Are the screeners, like, in a certain mode? Do they come packaged with… for your consideration, a little velvet case? Or are they just discs in a ratty little sleeve? 

I just got the first one which was kind of great--because it was The Secret Life of Pets 2

[cracks up]

Uh-huh. 

It lists Best Picture, Best Production Design… a lot of real reaches!

Yeah, that’s… I love this, like, For Your Consideration thing. The aunt who took me to L.A., she works in film and she gets tons of screeners all the time. Or her and her husband get tons of screeners, they both work in film. But when visiting, I have memories of these very, very bizarre, elaborate packages meant to, like, sell the movie as just, like, a special, momentous event. [Imitating studio reps] “Oh, like, if you could be so kind as to consider this movie for Oscar consideration.” 

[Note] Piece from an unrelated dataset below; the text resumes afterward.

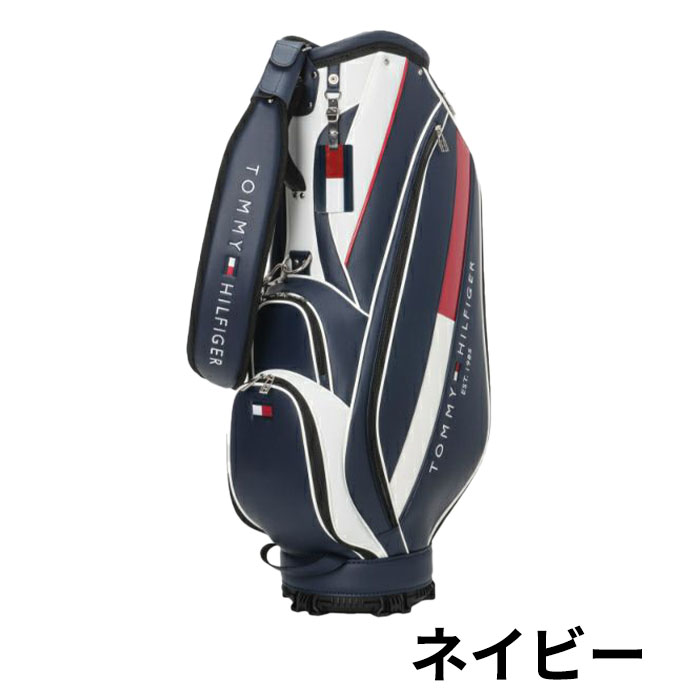 TOMMY HILFIGER トミーヒルフィガー THMG4SC5 BASIC キャディ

I think I read recently--I might not have this correct--but Robert Downey, Jr. asked Disney or Marvel, or whatever, to not campaign for him to get an Oscar [for Avengers: Endgame] and the reason was like--I didn’t read an article about it or anything. But one can only guess that the reason is sort of, out of the embarrassment of that process. Of trying to do that, maybe?

Yeah.

And his awareness of what that looks like. But I don’t really know.

It’s funny to think about. I’m sure it’s a lot of work. I remember hearing Rami Malek [following Bohemian Rhapsody’s 2018 release] on Fresh Air, and it really kind of repulsed me. Which maybe isn’t fair--I guess who can blame him? But he just sounded so practiced, and he had all of his talking points down in this kind of lead-up for the campaign. He sounded so impeccable and unblemished in terms of the anecdotes he was telling. It was too smooth and felt very suspect. 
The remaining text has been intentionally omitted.